It will be the biggest decision, the biggest challenge of Ivan Gazidis’s career: how to replace Arsène Wenger. If, after 21 years at Arsenal, Wenger steps down at the end of this season, it will be the chief executive who recommends his successor. And that is something he has never had to do before.
Work is already under way, with Wenger’s knowledge, to consider who might be a potential candidate – after all, he has to leave at some stage. However, much of that has centred on the usual kind of future, hypothetical succession planning given there is a two-year contract on the table that the 67-year-old Frenchman might still sign; even if there is an understanding that it is best to wait until deeper into this season.
Gazidis and Arsenal, meanwhile, have been determining the criteria they want to fulfil and the structure which will be put in place at the club; things such as style of football, commitment to youth and a track record of success. All the easy stuff, in fact. Now the hard work might be about to begin; finding out who. They need to seriously look at names while balancing the risk of it leaking out.
A personal view is that Arsenal should not leave it. They should decide soon whether Wenger is staying and make it public. It would allow a more dignified exit or show that they are determined to retain him. It ends the speculation, uncertainty and accusation of prevarication. Instead it appears hand-to-mouth, about mood and what happens in three months.
Speaking to people on Wednesday, however, there was a clear sense that Wenger might grasp the nettle and make a decision before the end of this campaign and – intriguingly – if he does leave Arsenal that he will continue working. A job as the coach of a national team is the most likely option.
After a result like the 5-1 humiliation away to Bayern Munich in the Champions League clubs move into crisis mode. There is the holding position (no decision until end of the season). There is the attempt to take the heat out of the situation but, behind-the-scenes, it is the kind of watershed moment that will truly test the mettle of Gazidis and Arsenal’s owner Stan Kroenke.
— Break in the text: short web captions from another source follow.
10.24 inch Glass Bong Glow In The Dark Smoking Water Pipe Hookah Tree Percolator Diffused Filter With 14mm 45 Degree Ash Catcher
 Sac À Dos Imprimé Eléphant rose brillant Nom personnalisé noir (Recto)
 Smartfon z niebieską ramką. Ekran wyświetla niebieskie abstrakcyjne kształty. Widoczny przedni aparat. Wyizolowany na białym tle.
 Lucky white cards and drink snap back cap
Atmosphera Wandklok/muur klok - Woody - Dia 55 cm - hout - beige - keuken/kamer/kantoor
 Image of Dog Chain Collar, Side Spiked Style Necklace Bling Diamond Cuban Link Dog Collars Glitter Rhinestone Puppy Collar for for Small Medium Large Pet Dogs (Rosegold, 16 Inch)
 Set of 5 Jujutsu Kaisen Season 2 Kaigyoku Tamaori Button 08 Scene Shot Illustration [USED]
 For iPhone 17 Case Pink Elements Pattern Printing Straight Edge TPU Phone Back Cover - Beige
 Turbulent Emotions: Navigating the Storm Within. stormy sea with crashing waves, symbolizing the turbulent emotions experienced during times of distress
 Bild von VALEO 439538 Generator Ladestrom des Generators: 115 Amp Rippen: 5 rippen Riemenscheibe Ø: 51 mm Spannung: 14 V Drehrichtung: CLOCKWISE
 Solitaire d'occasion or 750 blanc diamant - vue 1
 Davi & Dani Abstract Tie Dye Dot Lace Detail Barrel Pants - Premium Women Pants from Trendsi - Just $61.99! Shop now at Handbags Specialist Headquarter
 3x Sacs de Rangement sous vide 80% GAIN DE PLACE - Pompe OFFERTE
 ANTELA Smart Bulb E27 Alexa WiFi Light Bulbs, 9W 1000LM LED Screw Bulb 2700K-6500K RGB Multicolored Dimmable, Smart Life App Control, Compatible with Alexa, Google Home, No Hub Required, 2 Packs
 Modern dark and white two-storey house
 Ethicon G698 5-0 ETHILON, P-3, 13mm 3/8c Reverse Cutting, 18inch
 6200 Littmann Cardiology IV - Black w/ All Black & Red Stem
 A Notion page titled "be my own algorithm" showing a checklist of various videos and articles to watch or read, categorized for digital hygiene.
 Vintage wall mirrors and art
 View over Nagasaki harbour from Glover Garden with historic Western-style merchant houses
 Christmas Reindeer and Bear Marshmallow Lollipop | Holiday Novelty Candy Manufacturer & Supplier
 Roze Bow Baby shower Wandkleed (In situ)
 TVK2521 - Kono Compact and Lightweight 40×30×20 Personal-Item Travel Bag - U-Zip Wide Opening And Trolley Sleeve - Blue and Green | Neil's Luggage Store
The Arsenal executive do not want Wenger to go. Why would they? He has delivered continuity and a degree of comfortable success that has led to a smooth execution of a business plan. Arsenal is a simple business to run and the owner and directors have understandably surfed that. All the components are in place financially – beyond success on the pitch which, ultimately, is what it comes down to.
At the same time, Wenger’s last contract was not a simple renewal. There was a clear understanding that Arsenal had to move from a period of sustaining their position in the top four of the Premier League, and with it Champions League qualification, into winning.
And Wenger is yet to deliver in the second phase, the second decade, of his managerial career at the club. Kroenke, who is influenced by his son Josh, a far keener football follower, has clearly indicated a desire to keep Wenger beyond the end of this season by describing, at the last annual general meeting, the club’s board as “very high” on their manager and admitting that he will be an extremely hard act to follow.
There is also the argument that Arsenal do not want to follow what has happened at Manchester United since the retirement of Sir Alex Ferguson. But a change may also be liberating. Structurally Arsenal are in a better place than United. There are systems in place and also the suspicion that, as a natural consequence of being there so long, Wenger has held some people back.
Arsenal are more geared to be a modern, progressive football club than United and that will also be Wenger’s legacy. But if he does go it will also be the making or the breaking of Kroenke’s ownership and Gazidis’s leadership.